You know what went through my head when I read Anyabwile's article? Lots of stuff, I must confess, but in the middle of it all this was my thought: Anyabwile is the complete opposite of St. Francis of Assisi.
St. Francis was known for his care of lepers. And what I find so powerful about that is how St. Francis refused to be guided by his disgust response. Listen, if you are a heterosexual Christian I wouldn't be surprised if you found images of gay sex to be a bit disgusting. There is a reason you are heterosexual after all. And that isn't any different to how gay persons feel about straight sex. That's a part of why they are gay.
My point here is that feelings of disgust, even if they do exist, aren't really relevant.
To be sure, some will suggest that leprosy isn't a moral issue, so there's no equivalence in this comparison between Francis and Anyabwile. But that would be missing the point that leprosy in both Jesus's and Francis's day was associated with immorality, sin and wickedness.
So in light of all that, soak in the witness of St. Francis given what you've read from Anyabwile. Francis's transformative encounter with the lepers as recounted in Danial Spoto's biography:
Making his way slowly north from Rome on foot, [Francis] came upon a colony of lepers. Many such communities existed, most of them in isolated rural areas. Lepers were considered legally dead; they had no rights under the law...Having read that, who seems more like Jesus to you?
People with hideous deformities were required to live among themselves, were forbidden to enter towns or cities, and were prevented from making any contact with the rest of society. If they limped along the road or came close to town to beg, they had to cover themselves with their pathetic rags, which did little to stifle the appalling stench emanating from suppurating wounds; they were also required by law to sound a clapper or a bell to warn of their proximity. Everyone kept a distance from lepers, for their condition was considered both highly contagious and a sign of dreadful sinfulness.

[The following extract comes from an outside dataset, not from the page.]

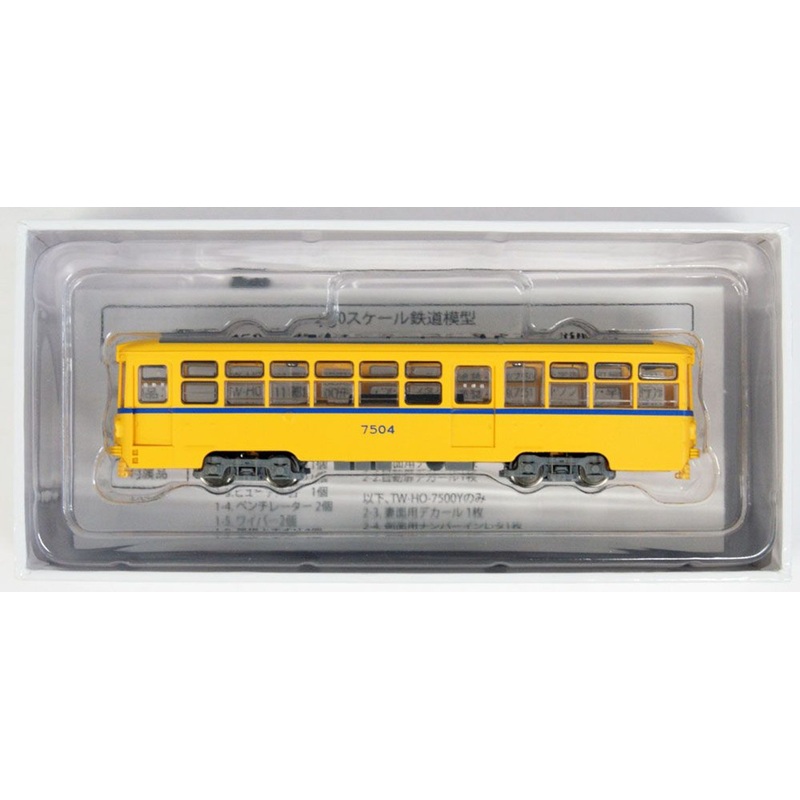 Tramway TW-HO7504 Tokyo Metropolitan Tram Type 7500 (No.7504) (HO scale)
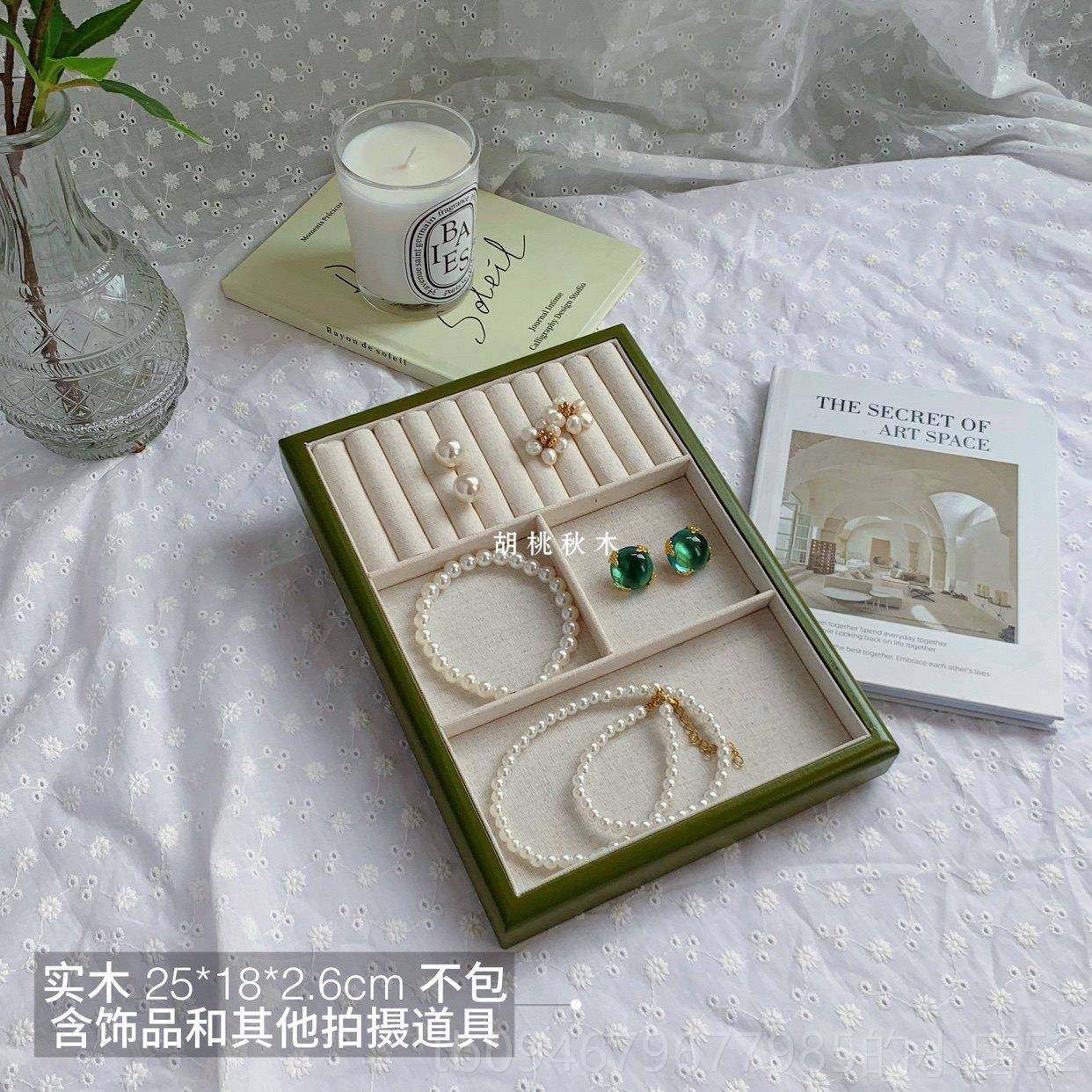 正品宝纳木质戒复古绿首饰盒珠宝盒饰品收指耳钉耳环项链手链珠盒,饰品/流行首饰/时尚饰品新,首饰展示架,淘宝优惠券,粉丝福利购,淘宝优惠卷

...Like everyone else, Francis would never come too near to them; if passerby had a few coins or some bread to spare, they flung the offering from what was considered a safe distance.
But this time the encounter was very different...[Francis] did not flee in horror as before, but instead approached one of the most lame and pathetic of the group. With no money to give and no food to share--for he, too, was now reduced to begging--Francis knelt down and gave what he could: an embrace...Francis would almost certainly have remembered the New Testament accounts in which Jesus healed a leper. "Moved with pity, Jesus stretched out his hand and touched him," which must have shocked bystanders as much as the cure itself.
With this single act of charity, Francis was apparently transformed, for when he returned to Umbria he not only resumed his restoration of [the church of] San Domiano but also began to nurse lepers, a task rarely undertaken by anyone. This involved not only begging food on their behalf and feeding them, but carrying them to a nearby brook or stream to wash their sores. "For God's sake, he served all of them with great love. He washed all the filth from them, and even cleaned out the pus of their sores." His care, in other words, meant more than merely not showing revulsion. It meant a willingness to be with them precisely because they were outcast...
The one who shelved his disgust and led others to do the same?
Or the one trying to get you to gag?